In a Twitter post, Guetta said the clip, intended as a joke, was made by combining a text generated from one model in the style of Eminem with another AI capable of generating mimicry audio.
“There’s something that I made as a joke and it worked so good!” Guetta said on a clip posted on Twitter. “I could not believe it.”
If there’s one thing aging nu-metal rap-rockers Limp Bizkit are not, it’s subtle. Naturally, that applies to their recent foray into deep fake videos as well. Last month, the band responsible “Nookie,” “Break Stuff,” and the popularization of Dickies shorts released a video for their song song “Out of Style,” where each of the band members’ faces are replaced with a powerful world leader. Vladimir Putin, Xi Jinping, Kin Jung Un, Joe Biden, and Volodymyr Zelensky are, and a hot-dog-wielding Tom Cruise all featured in the video throwing down and getting their groove on. Biden, if you were wondering, is shredding on lead guitar.

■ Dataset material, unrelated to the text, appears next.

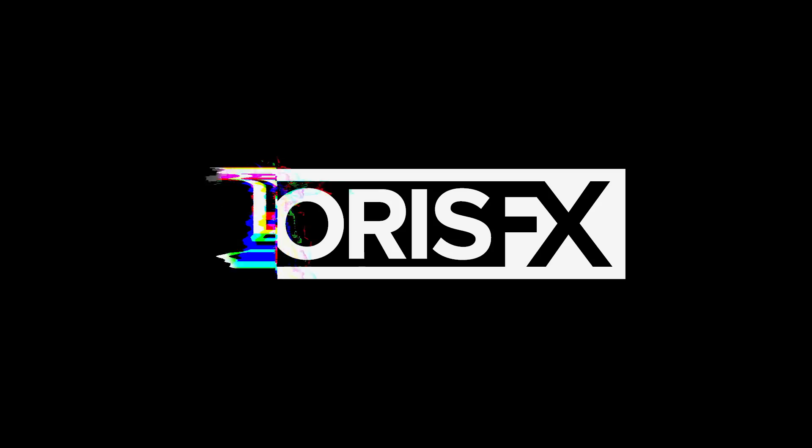This time we're gonna take a look at Sapphire's Pixel Mosh Effect and how you can use it to give your text and logos a beautiful, glitchy, grungy look. So go ahead, download the After Effects project file and let's take a look.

The 3:24 track is both an acutely self-aware dig on aging and maintaining relevance and commentary during a time of geopolitical anxiety. It’s also so stupid it’s funny. Since the deepfake only applies to the faces, the bodies still bear the artists’ tattoo sleeves and early 2000’s apparel. In one of the more memorable parts of the video, Biden, Xi, Kim, and Zelensky huddle beside Puting, rooting him on as he struggles to chug a beer through a siphon. Putin succeeds.